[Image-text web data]
►
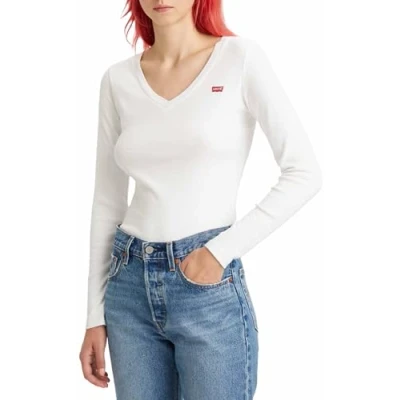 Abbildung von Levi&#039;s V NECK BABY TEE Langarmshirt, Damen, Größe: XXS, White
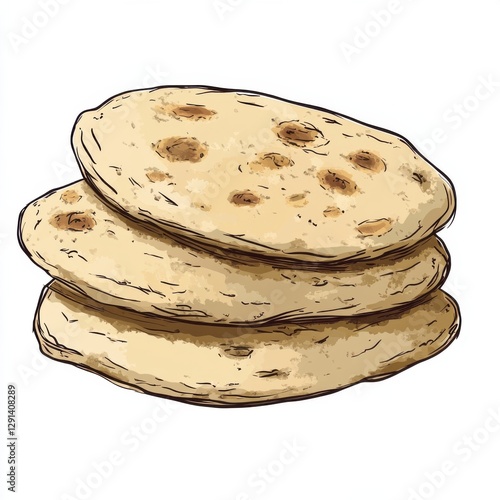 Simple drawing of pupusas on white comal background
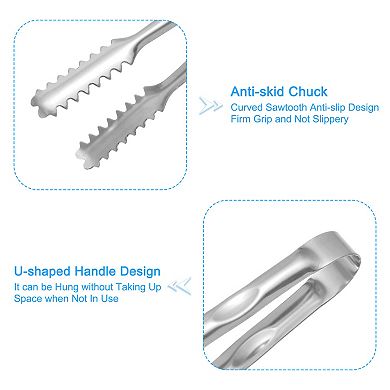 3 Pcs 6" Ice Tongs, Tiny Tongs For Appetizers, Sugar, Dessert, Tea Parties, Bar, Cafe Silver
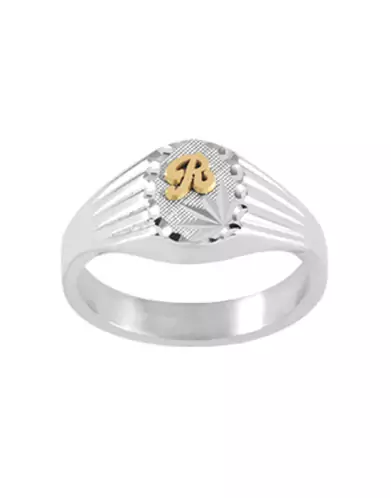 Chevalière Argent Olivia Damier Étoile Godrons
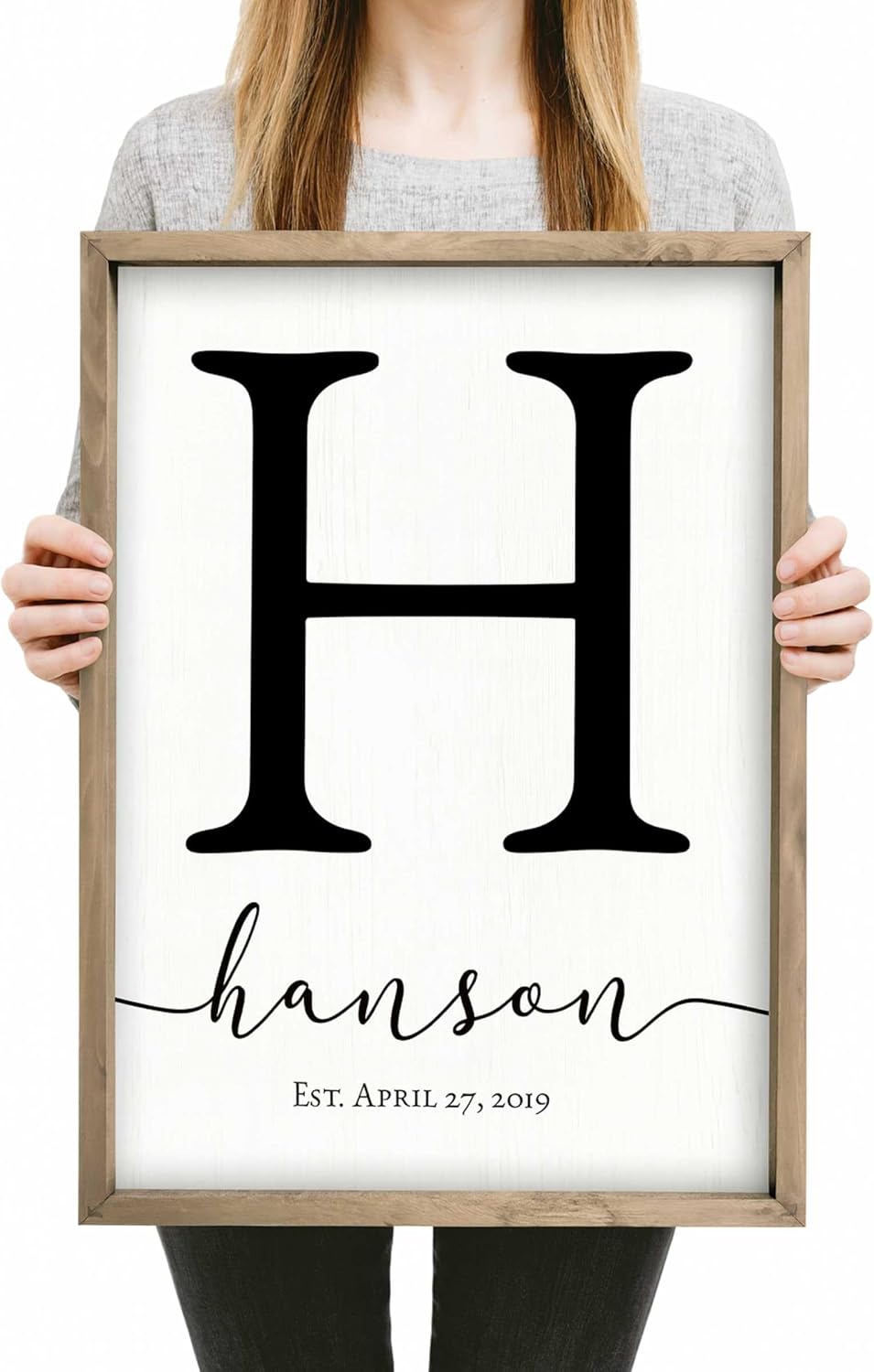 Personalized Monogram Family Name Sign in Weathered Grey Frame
◄
▸ **Task objective**
The required output is the lines from the one containing "Simple drawing of" through the end of the records above, reproduced exactly, with no pictures.

▸ **Output below**
 Simple drawing of pupusas on white comal background
 3 Pcs 6" Ice Tongs, Tiny Tongs For Appetizers, Sugar, Dessert, Tea Parties, Bar, Cafe Silver
 Chevalière Argent Olivia Damier Étoile Godrons
 Personalized Monogram Family Name Sign in Weathered Grey Frame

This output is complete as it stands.